I have heard All Walls Must Fall described as a blend of real-time and turn-based tactical action, set in a retro-futuristic Berlin in which the Cold War never ended and where all matters of consequence unfold in the procedurally-generated nightclubs favoured by gay time-travelling superspies. Deep breath. Influences cover everything from Twelve Monkeys and X-Com to Invisible Inc, Superhot and - when it comes to the wonderfully grungy animation that chops together 2D character models and low-poly 3D backgrounds - the old Paddington Bear children's series that was so memorably narrated by Michael Hordern. It all sounds a bit complicated really. But it isn't. When you get into a fight here, All Walls Must Fall is gloriously, deliriously, skull-shakingly straightforward.

Gunfights are when All Walls Must Fall switches from behaving like a real-time nightclub exploration game (one of my favourite genres) and becomes a turn-based, grid-based tactical battler (which happens, rather neatly, to be my other favourite genre). You play as a hulking metal-armed killer who has been sent looping back through time within a single night so as to stop a bomb going off in the present. This means that time is as much his plaything in shootouts as space is. In fact, when you're exploring in the real-time mode, time is space. Each room you scout out rewards you with a few units of time resource that allow you to do all sorts of rewind-based shenanigans when the guns emerge. Time is space! Einstein would be proud. I bet he'd be well up for some futuristic clubbing, too.

Oh dear. I've made it sound very complicated again. It really isn't. Once the guns emerge a grid is imposed on the landscape and enemy targets are picked out with bright highlights. You can shoot them - weapons frequently have a couple of distinct attack modes - and you can dash around from one square to the next dodging incoming fire. The system's sufficiently kind so as to warn you when you're planning on moving into a square that means you'll be taking damage. The perks of a time-traveller, I guess.

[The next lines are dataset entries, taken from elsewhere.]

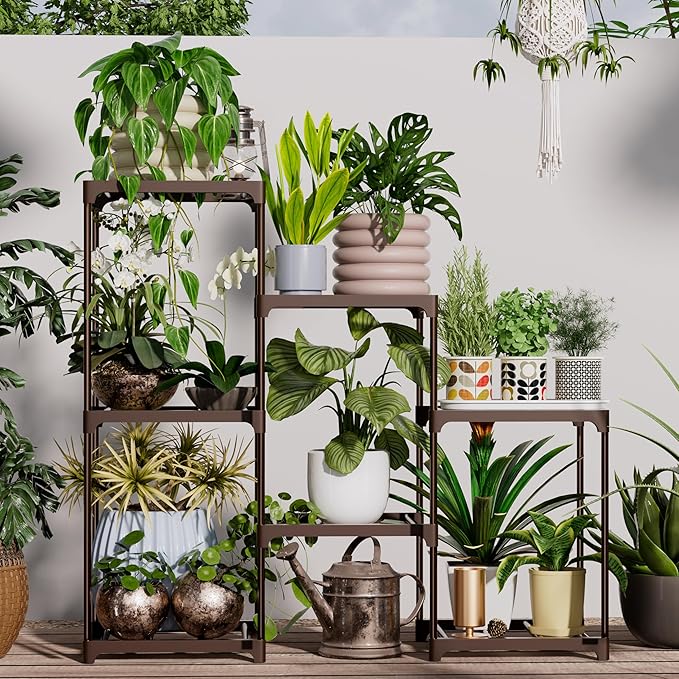 Metal Plant Stand Indoor Outdoor Plant Shelf Stand, 3 Tiers 7 Pots Potted Flower Plant Stands for Indoor Plants Multiple, Plant Shelves Stands Rack for Patio, Balcony, Living Room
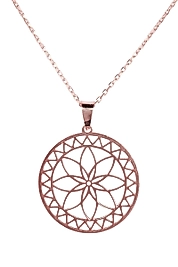 925 Ayar Gerçek Gümüş Rose Renkli Yıldız Yükselişi Formun Ötesi Kolye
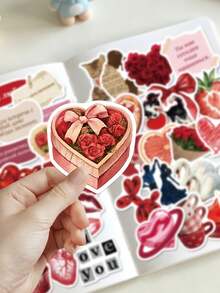 60pcs Retro Romance Stickers-Coquette Aesthetic-Perfect For Scrapbooks, Planners, Suitcases, Bullet Journals, Water Bottles, Phone Cases, Parties, And Gifts-Romantic Journaling Stickers School Supplies - 60pcs/pack - View 8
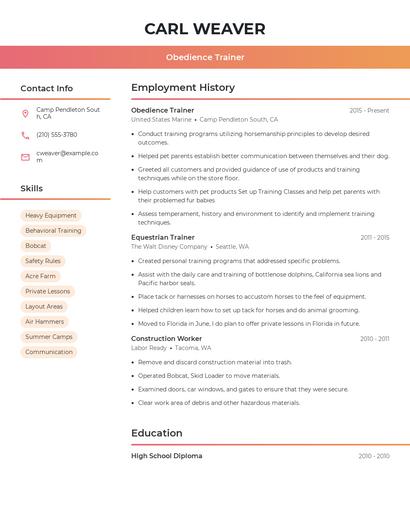 Obedience Trainer Resume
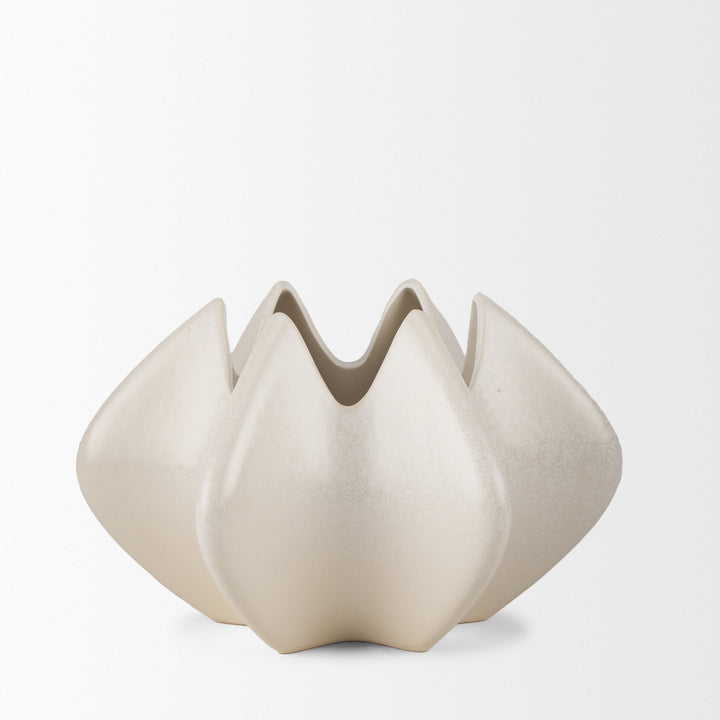 Ulrich Sculptural Cream Glazed Ceramic Vase Decor Mercana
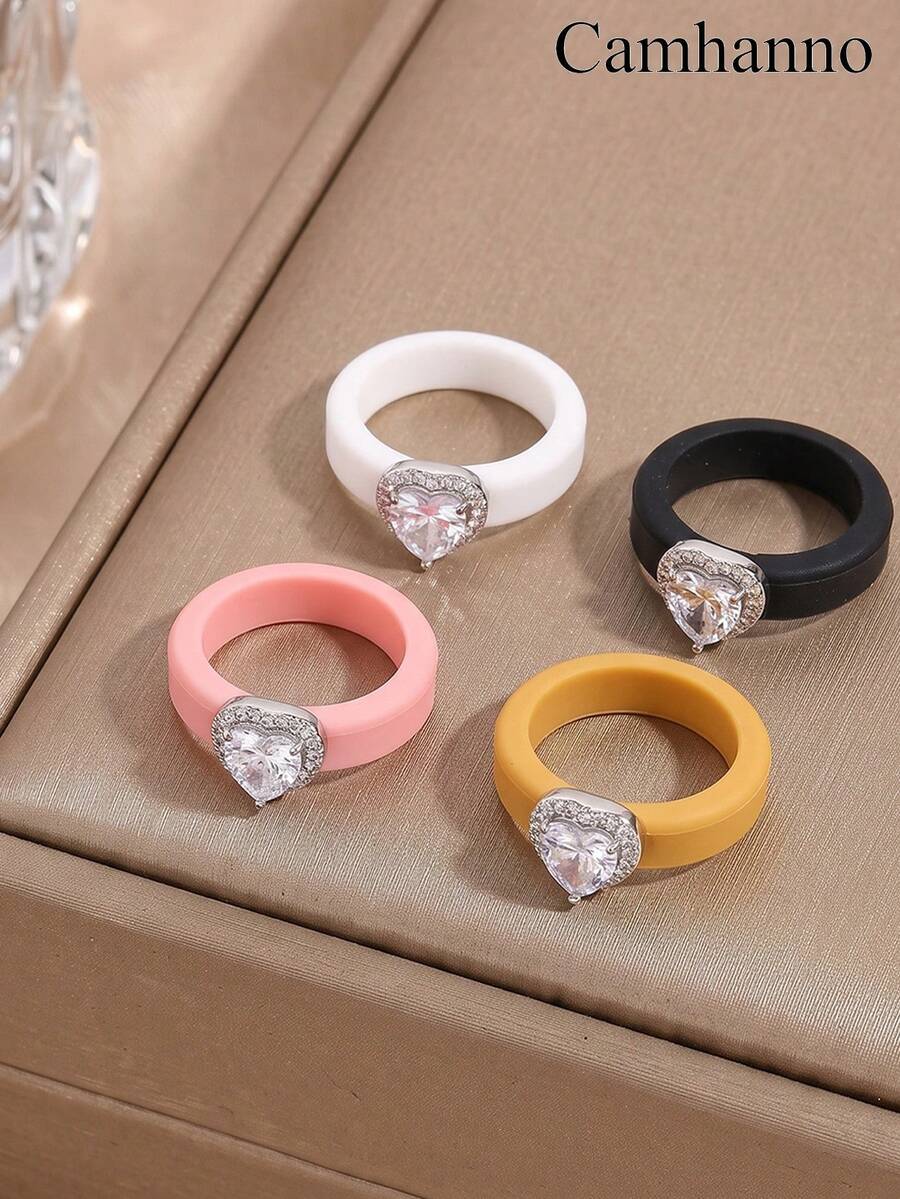 1pc Pink Soft Silicone Ring With Heart Halo Zirconia Accessories, Skin Friendly And Wear‑Resistant, Versatile Ring For Daily Atmos - Silver - View 1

Given the turn-based nature of the action, you can do pretty much impossible things from the start, skipping past bullets and flanking during reloads, running backwards from spreading shotgun fire and escaping behind a wall without so much of a scratch. Add to this drones you can hack to help you out, environmental destruction and cover and the fact that you have to remember to reload by yourself - or switch weapons if you've unlocked them in the shop - and there's plenty to keep you busy already.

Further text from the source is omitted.